Chef Jeff- I really like the looks of the Balsamic BBQ Sauce and I'm going to put that one in my "Gotta Do" folder. I like a good balsamic vinegar on just about everything-my kids think I've gone off the deep end when the see me pour a bit of sweet balsamic on my bowl of vanilla ice cream.


----------



## chef jeff tx (Nov 18, 2009)

Hope y'all enjoy them, let me know. Both keep really well in the fridge.

Ath, try sauteing a minced serrano or Thai chili in the sauce pan before adding the other ingredients for a sweet-hot finish.

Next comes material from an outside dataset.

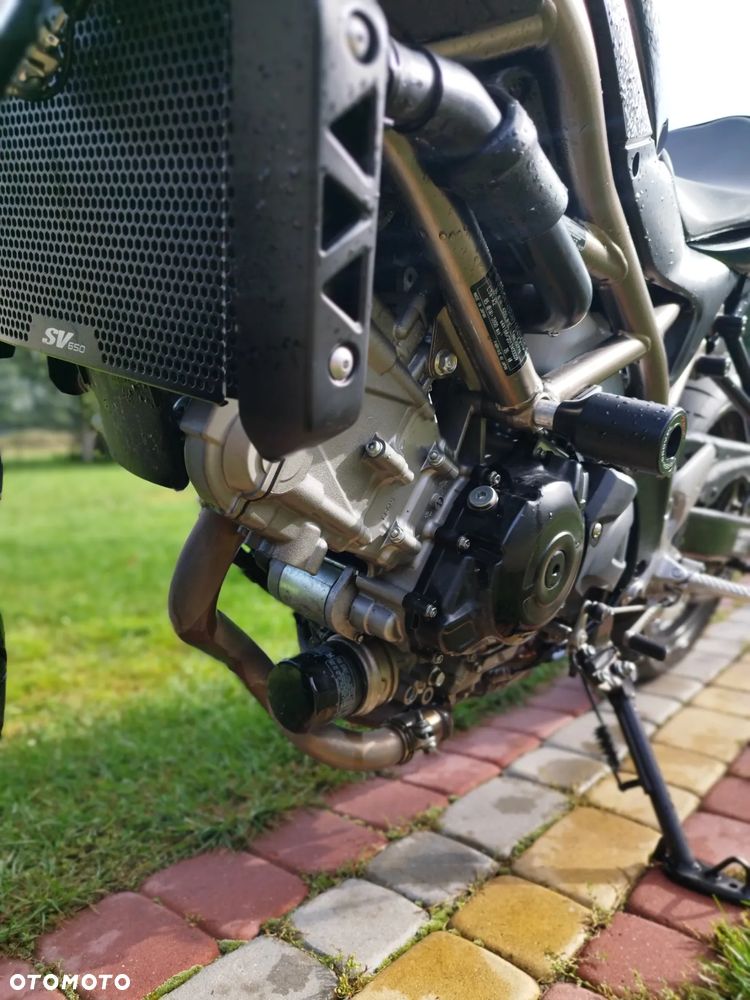 Suzuki SV - 8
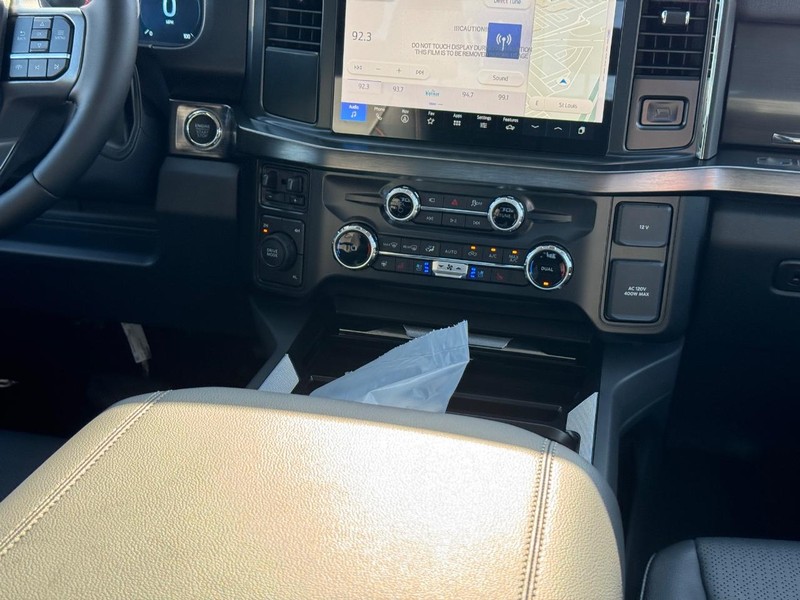 Ford Super Duty F-350 DRW Vehicle Image 17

Dutch, try drizzling a little balsamic over fresh strawberry slices with a grind of black pepper!! I've done home made vanilla bean ice cream and drizzled in balsamic glaze (heavily reduced balsamic) as it gets close to the end of churning so it has a balsamic ribbon through it.


----------



## hoser (Nov 18, 2009)

Sounds awesome chef...I'll be making the one without the coffee pretty soon.


----------



## oldschoolbbq (Nov 18, 2009)

Great idea on the sauces. Points and I also love the Basalmic,I get an aged basalmic(10-20y/o),a little higher,but no reducing.Try it on steamed veggies and it makes an Egg indescribable!
Thanks and 
SMOKE HAPPY
Stan   aka   Old School  :)-


----------



## meat hunter (Nov 18, 2009)

On ice cream
	

	
	
		
		



		
		
	


	





. Your kids are right LOL. Your outta control LOL. 

But then again, don't knock it till you tried it.


----------



## raceyb (Nov 18, 2009)

I make a similar balsamic vinegar sauce as well but find that it is rich. It works out great on grilled fruits though.

I love the coffee idea and will have to try it.! That seems unique enough to get into Jeff's book as I have NEVER heard of using coffee in a BBQ sauce. ( I do use instant coffee in my chili and Italian sauces though)


----------



## scarbelly (Nov 18, 2009)

"Dutch, try drizzling a little balsamic over fresh strawberry slices with a grind of black pepper!! I've done home made vanilla bean ice cream and drizzled in balsamic glaze (heavily reduced balsamic) as it gets close to the end of churning so it has a balsamic ribbon through it.[/quote]"

Chef - you are so right - the reduction over strawberries is incredible 
Thanks for sharing the recipes


----------



## mballi3011 (Nov 18, 2009)

Man I like that balsamic sauce. It really sounds very yummy. That will go on my short list for sure.


----------